WHAT YOU NEED TO DO
Below is a block of entries; repeat exactly the lines starting at the line that contains "Terreno à venda" and ending at the line that contains "Синій Шкода Октавія, об'ємом", both included.

PROVIDED DATA

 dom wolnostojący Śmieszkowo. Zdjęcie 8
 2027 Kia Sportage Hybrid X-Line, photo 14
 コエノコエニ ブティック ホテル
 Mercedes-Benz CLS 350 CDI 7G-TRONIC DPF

...

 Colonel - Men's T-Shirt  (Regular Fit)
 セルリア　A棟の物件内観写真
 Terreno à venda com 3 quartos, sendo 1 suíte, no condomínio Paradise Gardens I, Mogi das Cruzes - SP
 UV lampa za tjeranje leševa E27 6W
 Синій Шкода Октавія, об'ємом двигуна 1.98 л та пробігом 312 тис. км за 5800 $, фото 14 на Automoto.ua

--

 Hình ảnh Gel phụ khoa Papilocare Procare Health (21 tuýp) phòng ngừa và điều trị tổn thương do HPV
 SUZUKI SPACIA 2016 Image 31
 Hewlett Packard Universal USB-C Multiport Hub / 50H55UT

ANSWER
 Terreno à venda com 3 quartos, sendo 1 suíte, no condomínio Paradise Gardens I, Mogi das Cruzes - SP
 UV lampa za tjeranje leševa E27 6W
 Синій Шкода Октавія, об'ємом двигуна 1.98 л та пробігом 312 тис. км за 5800 $, фото 14 на Automoto.ua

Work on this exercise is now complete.